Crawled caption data
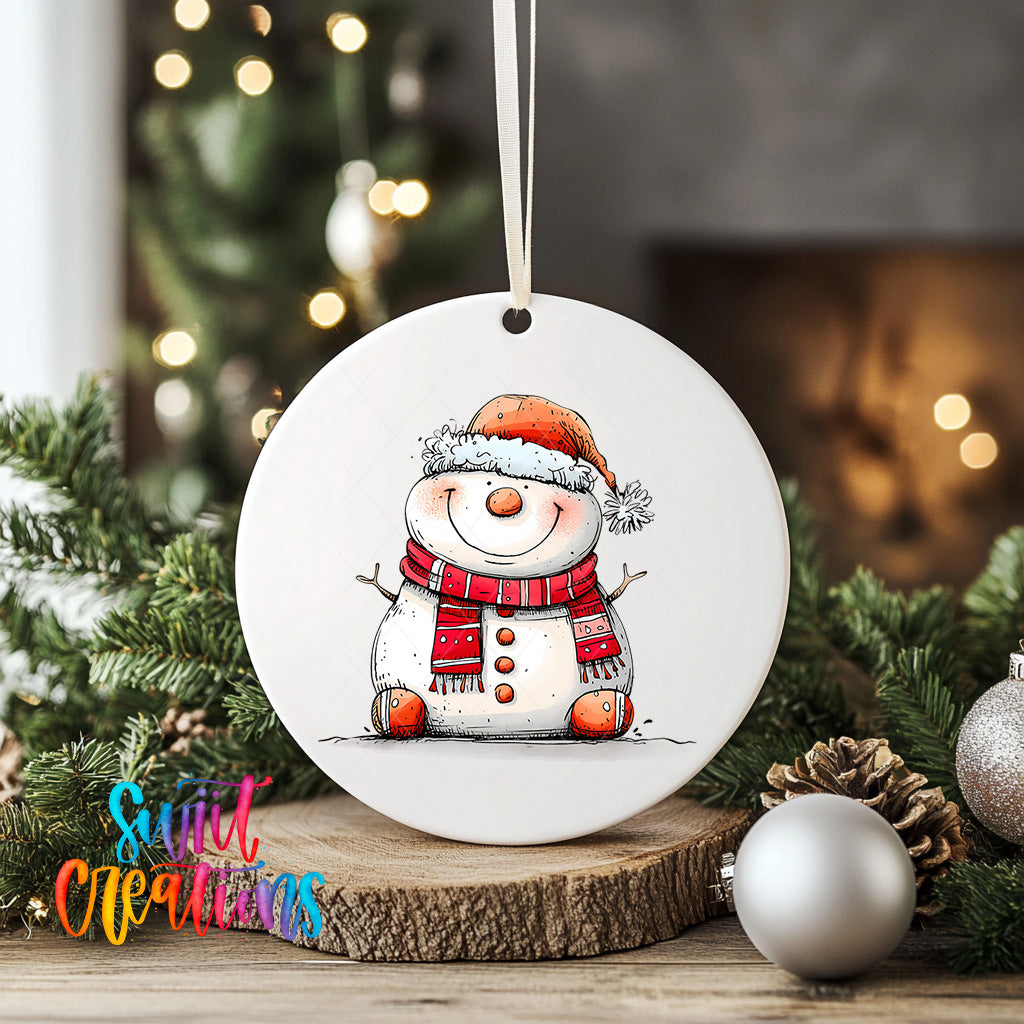 A white ceramic ornament featuring a smiling snowman wearing a red scarf and hat, surrounded by Christmas decorations and greenery.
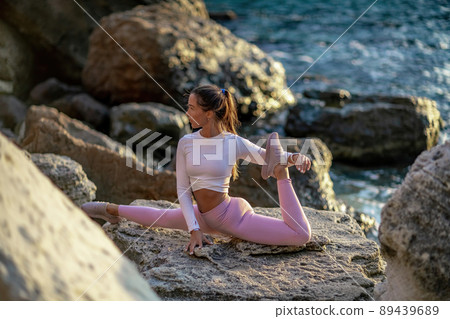 Girl gymnast trains on the beach by the sea. Photo series Girl gymnast trains on the beach by the sea. Photo series 89439689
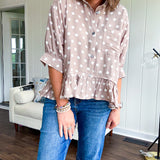 Light, flowy sand colored button down top with collar, 3/4 cuffed sleeves and front pocket with seam detail and ruffled hemline.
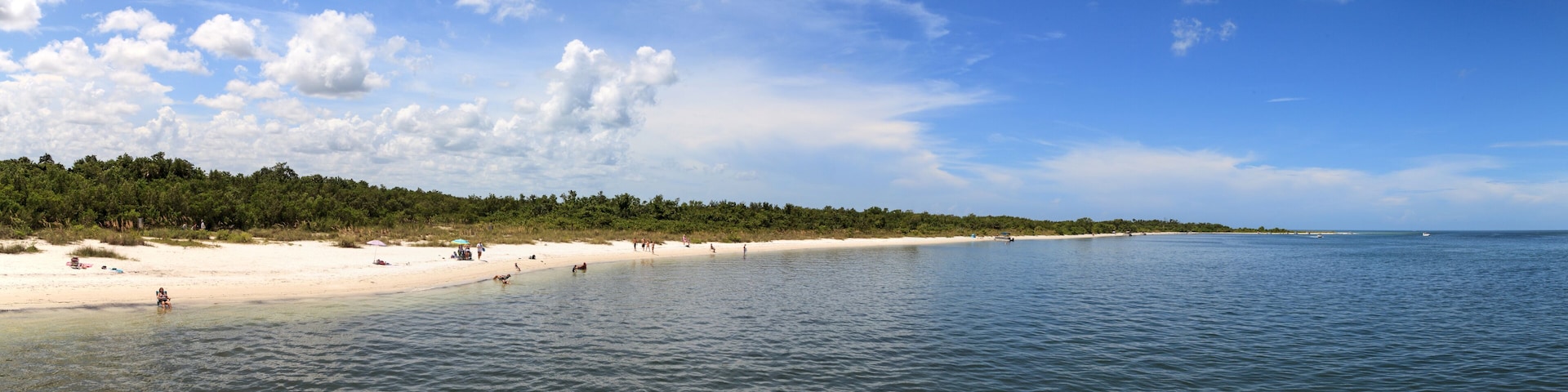 White sand beach path leading to the ocean at Lovers Key State Park Beach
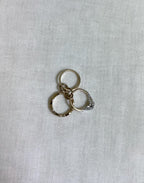 3 gold ring on white fabric background
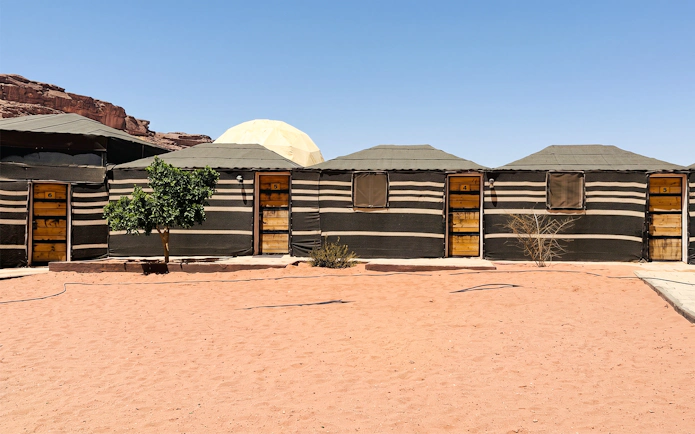 Desert camp huts in Wadi Rum, part of a 2-day tour from Amman to Petra, Wadi Rum, and Dead Sea.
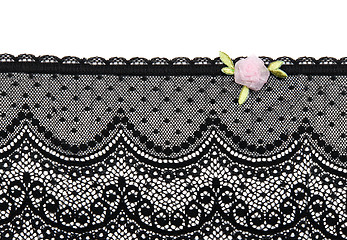 Image showing Black lace with rose satin flower on white background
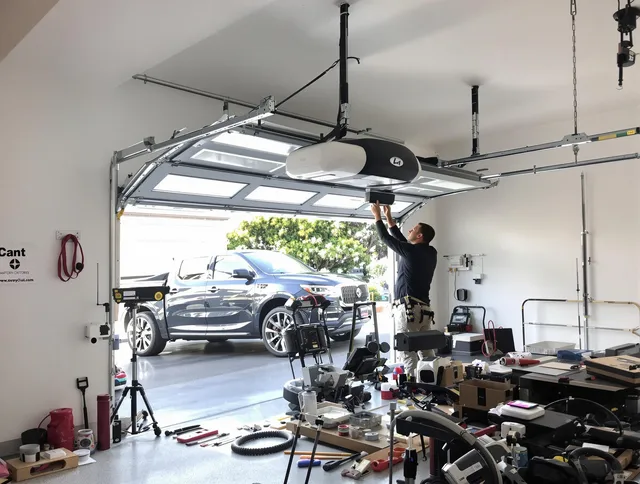 Boynton Beach Garage Door Repair specialist installing smart garage door opener system in Boynton Beach home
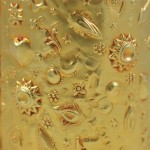 A close up of the gold foil on a glass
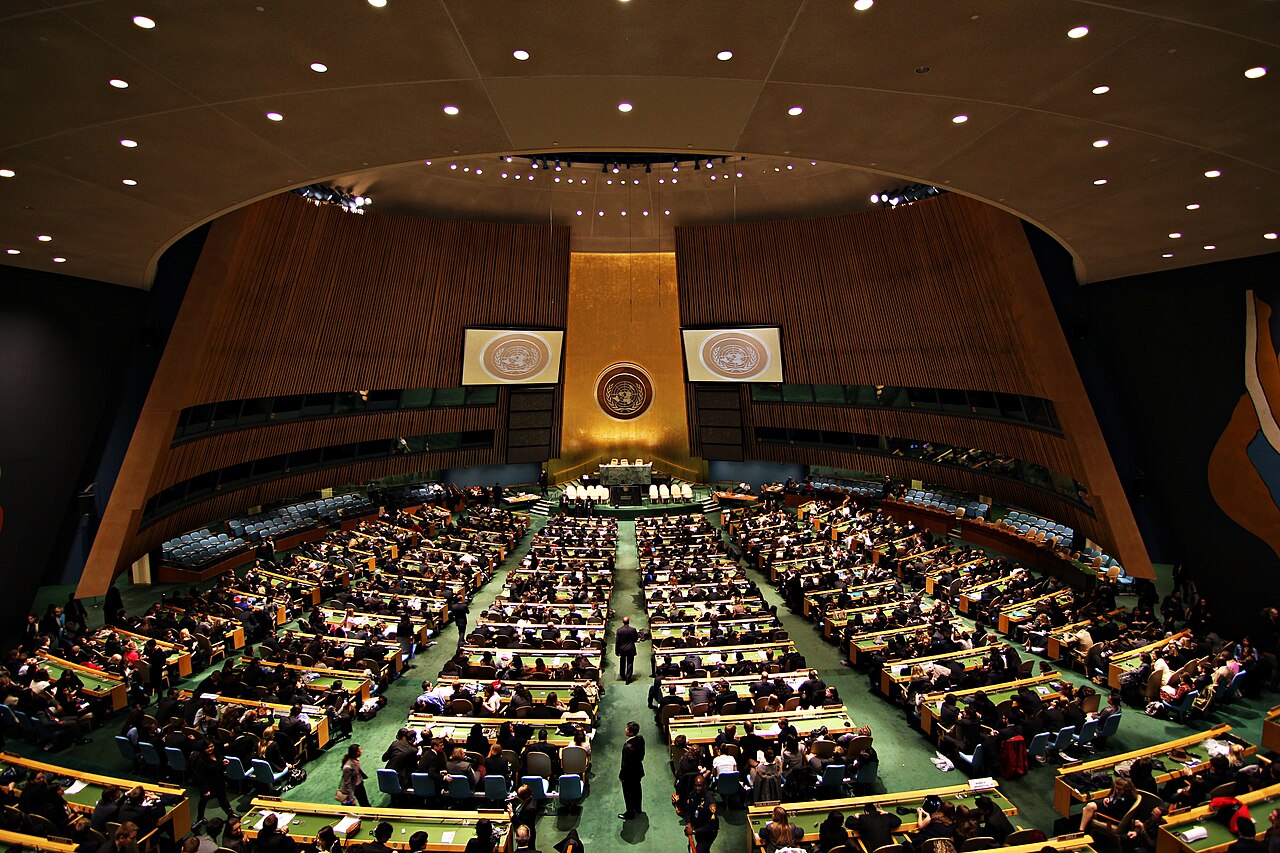 Delegates seated in the UN General Assembly hall in New York, with the rostrum and the UN emblem at the back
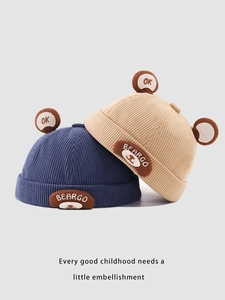 Detail of corduroy infant caps with cute bear embroidery and 3D ears in navy and beige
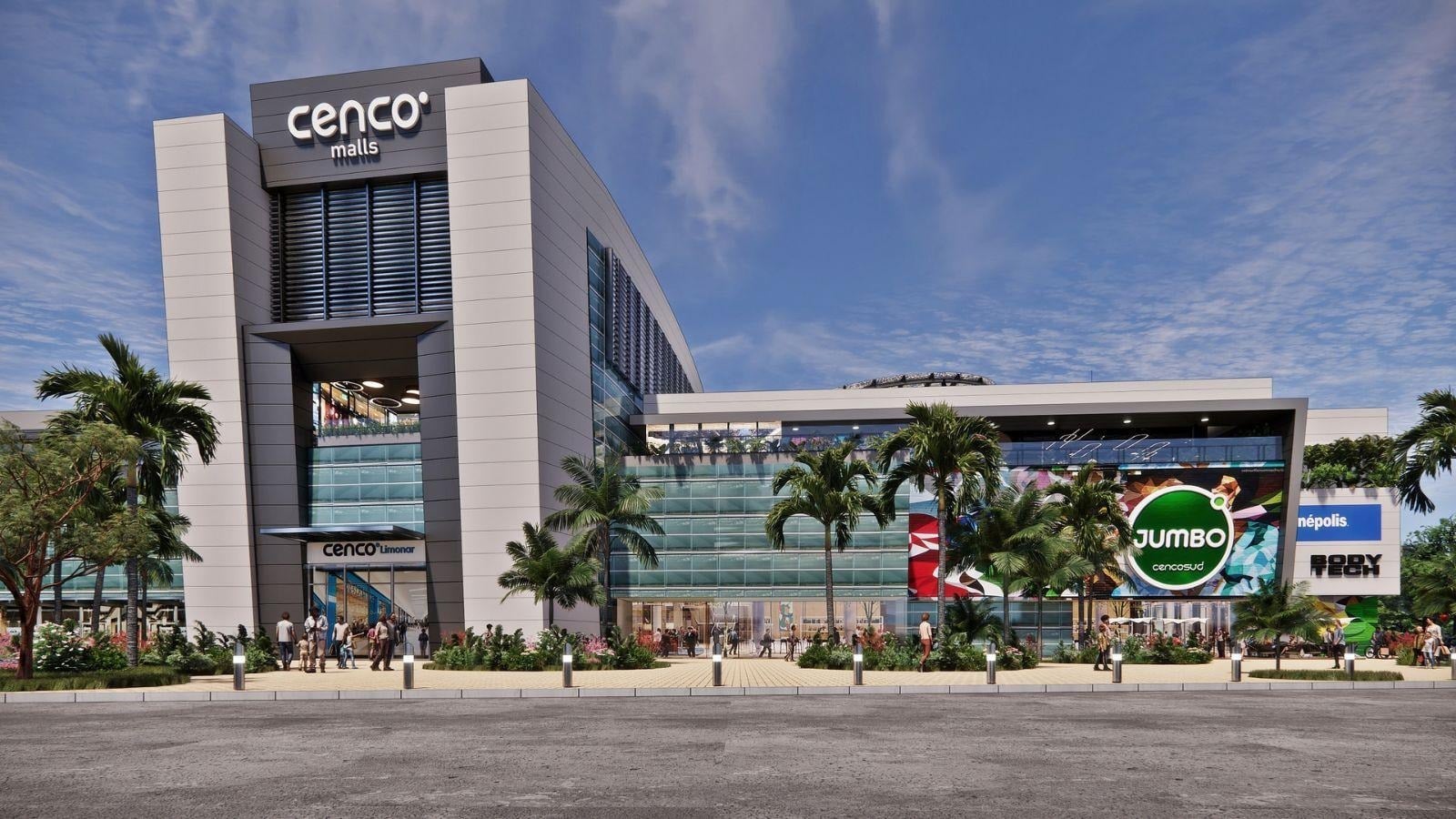Exterior view of a modern mall labeled 'cenco malls' with palm trees and a large Jumbo banner on the right under a blue sky by the entrance. (informative) - La apuesta de los chilenos de Cencosud para poner a competir su centro comercial en Cali contra los grandes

◆ **WORK ITEM**: Quote exactly, and nothing besides, the lines from the one with "A close up of the gold foil on a glass" through the end of the records above; include both ends and omit the pictures.

◆ **THE COMPLETED TASK**:
 A close up of the gold foil on a glass
 Delegates seated in the UN General Assembly hall in New York, with the rostrum and the UN emblem at the back
 Detail of corduroy infant caps with cute bear embroidery and 3D ears in navy and beige
Exterior view of a modern mall labeled 'cenco malls' with palm trees and a large Jumbo banner on the right under a blue sky by the entrance. (informative) - La apuesta de los chilenos de Cencosud para poner a competir su centro comercial en Cali contra los grandes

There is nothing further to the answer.